Air Force veterans discover new ways to serve at NNSS

Getty Images Hiring Our Heroes fellow Hilary Tarvin came to RSL-Nellis following a career in a ...

More than 400 veterans work at the Nevada National Security Site, and several U.S. Air Force servicemen and women have found the next step of their careers in joining the site’s Remote Sensing Laboratory, based at Nellis Air Force Base in Nevada and Joint Base Andrews in Maryland.

The NNSS is a proud partner of the U.S. Chamber of Commerce Foundation’s Hiring Our Heroes initiative, a nationwide effort to connect veterans, service members and military spouses with meaningful employment opportunities through fellowships. The NNSS also supports DoD SkillBridge, a program for service members to gain valuable civilian work experience through specific industry training, apprenticeships or internships during their last 180 days of service.

“Veterans have a great deal to offer the NNSS, including valuable nontechnical skills such as leadership, decision-making, being dependable and attention to detail,” said NNSS Talent Acquisition Senior Manager Brent Baker, a U.S. Army veteran. “However, understanding the technical and nontechnical skills veterans have developed through military training, education and on-the-job experience can be challenging because military and civilian workplace cultures and languages can seem radically different from one another.”

Hiring Our Heroes fellow Hilary Tarvin came to RSL-Nellis following a career in aircraft maintenance with the U.S. Air Force, where she supported F-15, F-22 and F-35 airmen, maintenance and engineering teams in the U.S. and England. She is now with the NNSS’ applied technologies division. Her career coincidentally intercepted with the Department of Energy’s National Nuclear Security Administration once before as a U.S. Air Force Academy instructor teaching nuclear weapons chemistry, which involved NNSA’s Lawrence Livermore National Laboratory, Los Alamos National Laboratory and Sandia National Laboratories.

“I loved it and thought wow, I want to keep serving our nation, and I have enjoyed the work I’ve done before with the DOE,” Tarvin said. “I’m not serving the nation in the Air Force anymore, but I’m serving the nation with the DOE. In a lot of ways, it’s really similar with meeting with customers and figuring out resources to meet requirements, facilities, security and field management. You’re figuring out those resources and bringing them all together.

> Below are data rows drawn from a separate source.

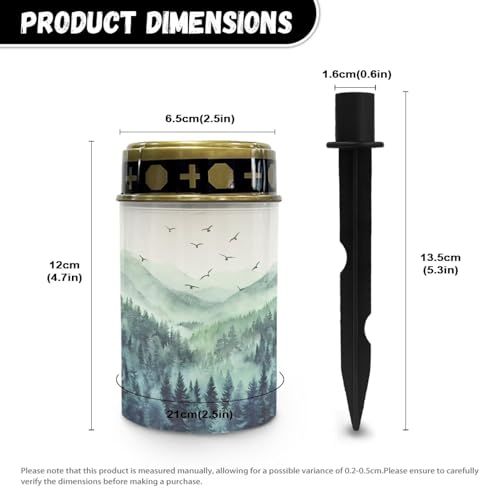 Image of Forest Pattern Cemetery Solar Lights Water Resistant LED Flameless Candle Grave Lights Solar Powered Grave Decor Memorial Gift Outdoor Garden Decor Light for Prayer 2 Pcs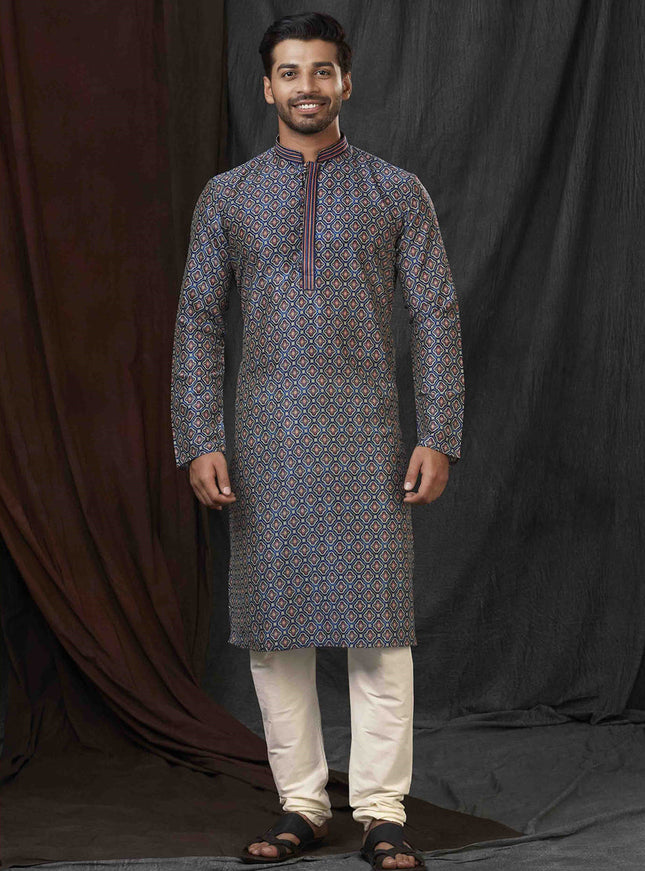 Blue Festival Wear Kurta Set
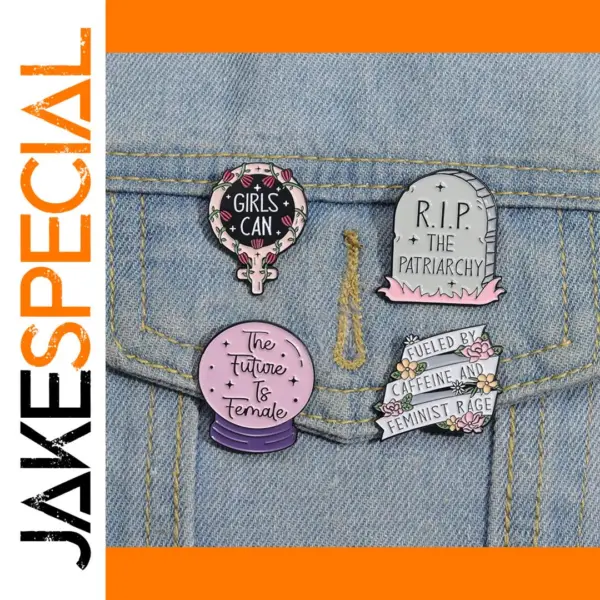 Feminist Enamel Pin Custom Girl Power Brooch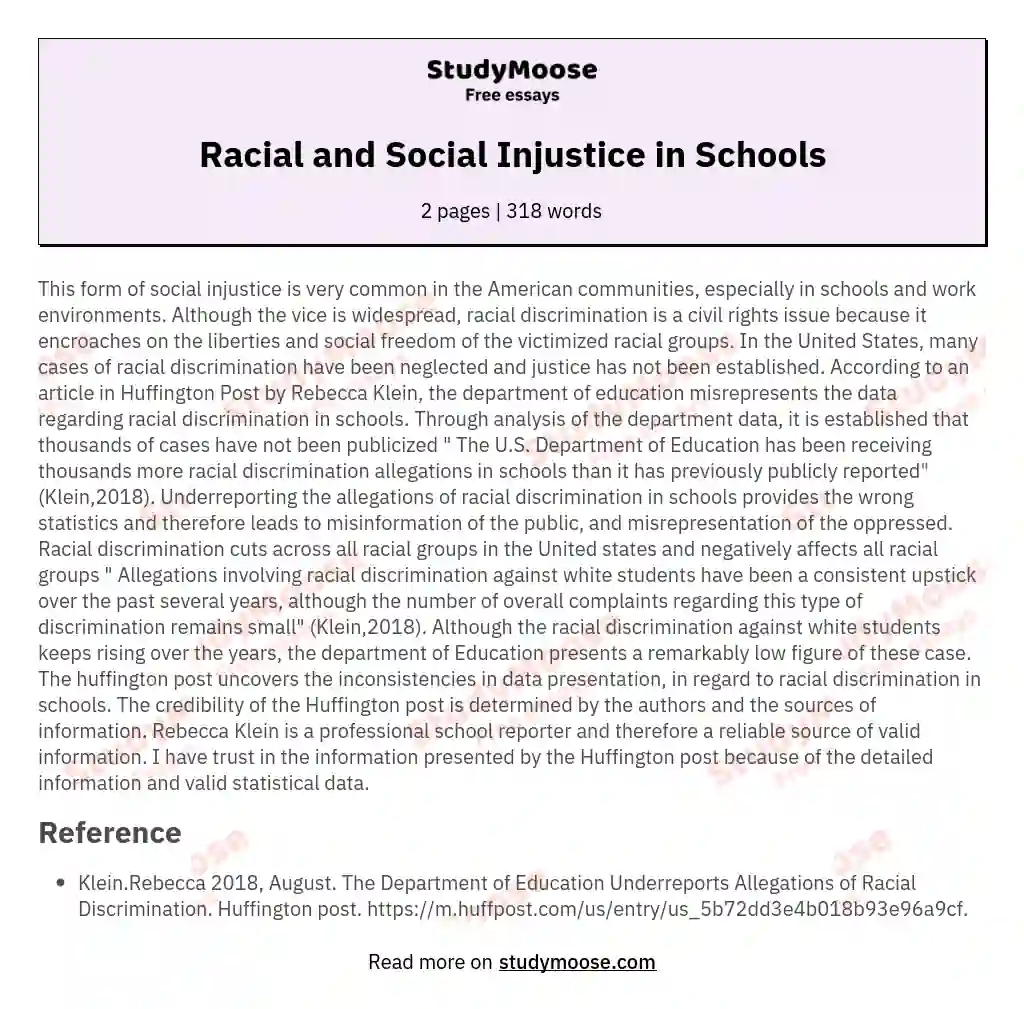 Racial and Social Injustice in Schools essay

“The safety aspect, working around high hazards and adhering to OSHA and risk management, is very similar to the Air Force. It’s just a different set of hazards.”

Sean Hutchison, with a U.S. Air Force career spanning more than 20 years in information technology program management across the globe, also had an instance of happenstance that introduced him to working at the NNSS. Last year, he coordinated a trip to the National Atomic Testing Museum – featuring much of the site’s extensive history – with his squadron. Now, he is working with the NNSS’ Emergency Communications Network team at RSL-Nellis through Hiring Our Heroes.

“I think some may dismiss these kinds of opportunities for not being that in-depth, but they are,” Hutchison said. “For people who are exploring the NNSS as an as option, I would do a lot of research into the background and history of the organization because it gives perspective into the scope of what the NNSS is responsible for.”

Veteran Kevin James joined the NNSS’ nuclear response division as a business specialist this summer following a 28-year career in the U.S. Air Force that included eight deployments to the Middle East and 11 moves worldwide. Most recently, James was a support squadron chief master sergeant who oversaw more than 900 Air Force members in 11 directorates at Nellis Air Force Base.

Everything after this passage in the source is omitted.